Over the past 1.5 years I’ve been doing quite a lot of exploration into Azure AD and how it works under the hood. Azure AD is getting more and more common in enterprises, and thus securing it is becoming a bigger topic. Whereas the traditional Windows Server Active Directory already has so much research and community tooling available for it, Azure AD is in my opinion lagging behind in this aspect. In this post I’m introducing the ROADtools framework and it’s first tool: ROADrecon. This framework was developed during my research and will hopefully serve as both a useful tool and an extensible framework for anyone that wants to analyse Azure AD, whether that is from a Red Team or a Blue Team perspective. This post is the first in part of a series in which I’ll dive into more aspects of Azure AD and the ROADtools framework. Both ROADtools and ROADrecon are free open source tools and available on my GitHub. I also did a live stream of most things that are written here that you can watch on YouTube.
Why this framework
Whenever I find myself in a new network or researching a new topic, I want to know as much information as possible about it, in an easy to digest format. In Active Directory environments, information is relatively simple to query using LDAP, and many tools exist that query this information and transform it into a format that’s easier to use for humans. Back when I started writing tools, I wrote a simple tool ldapdomaindump that tried to save all the information it could gather offline, so that I could quickly answer questions like “oh which groups is this user in again” or “do they have a group for system X that could be useful”.

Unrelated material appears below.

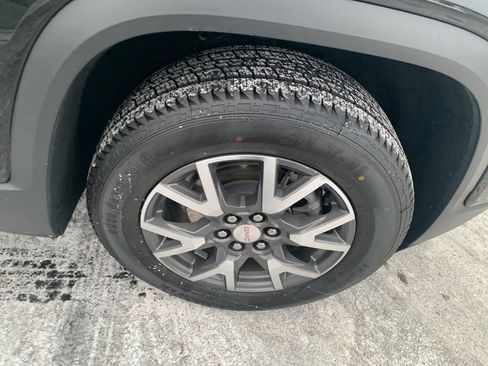 Used 2023 GMC Acadia SLE w/ Driver Convenience Package image 11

Fast forward a few years and companies are often using Microsoft 365 and moving their things to Azure, where there isn’t really a tool that gives you quick insight into an environment. The Azure portal simply requires too many clicks to find what you’re looking for, and it can be disabled for anyone but admins. The various Powershell modules, .NET libraries and other official ways to query Azure AD have varying degrees of support for information they can give you, ways to authenticate and restrictions that can be applied to them. While researching Azure AD I wanted to have a way to access all the possible information, using any authentication method (whether obtained legitimately or not) and have it available offline. Since none of the official methods offered this possibility, I quickly realized building a custom framework was the only way to achieve it. So I set myself a few goals:
- Provide tooling for both Red teams and Blue teams to explore all Azure AD data in an accessible way.
- Show the wealth of information available to anyone with just 1 valid credential set – from the internet.
- Improve understanding of how Azure AD works and what the possibilities are.
- Provide a framework that people can build upon and extend for their own use-cases.
I did learn a few things along the way from writing ldapdomaindump, which kept all information in memory until it had calculated all the recursive group memberships, at which point it would write it to disk. As one expects, this scales pretty bad in environments that have more than a few thousand users in them. I spent a lot of time thinking how I wanted to do it (and even more writing the actual code), while ignoring all the ways one is supposed to access Azure AD, so today is the first release of the Rogue Office 365 and Azure (active) Directory tools!
The first (and likely most extensive) tool in this framework is ROADrecon. In short, this is what it does:
- Uses an automatically generated metadata model to create an SQLAlchemy backed database on disk.
- Use asynchronous HTTP calls in Python to dump all available information in the Azure AD graph to this database.
- Provide plugins to query this database and output it to a useful format.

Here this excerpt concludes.